Date: Sat Feb 21 16:59:58 1998
Posted By: Eric Biddinger, Grad Student, Horticulture, Penn State University
Area of science: Agricultural Sciences
ID: 887663364.Ag

MadSci Network: Agricultural Sciences


This is a really interesting problem!

What is the purpose of fertilizer? Plants need sixteen essential nutrients in order to grow. These are:
Carbon, Oxygen, Hydrogen, Nitrogen, Phosphorus, Potassium, Sulfur, Calcium, Iron, Magnesium, Boron, Manganese, Copper, Zinc, Molybdenum, and Chlorine.

These elements are needed in different amounts and are used up at different rates by the soil. The idea of fertilization is to add back to the soil what the plants have taken out.

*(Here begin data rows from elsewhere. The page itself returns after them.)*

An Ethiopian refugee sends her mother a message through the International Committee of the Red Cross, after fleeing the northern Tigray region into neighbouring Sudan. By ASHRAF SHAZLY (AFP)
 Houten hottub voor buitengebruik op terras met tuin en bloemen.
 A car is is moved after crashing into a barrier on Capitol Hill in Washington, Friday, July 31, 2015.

What fertilizer you add will depend on what nutrients you need to add to the soil. This will depend on what type of plants you are growing (different plants have different nutrient needs), the soil type, and the soil condition. Something to keep in mind is that adding too much of one nutrient can cause some serious problems. There could be the potential of runoff into ground water, damage to the crop, and a total waste of money. As you might begin to see, soil fertilization is a very "situation dependent" process.

(For anyone considering any serious gardening or farming, a good place to start might be a soil test. Your local extension agent should be able to help you out here. This will indicate what the soil needs and what it has enough of so you know what problems you might encounter.)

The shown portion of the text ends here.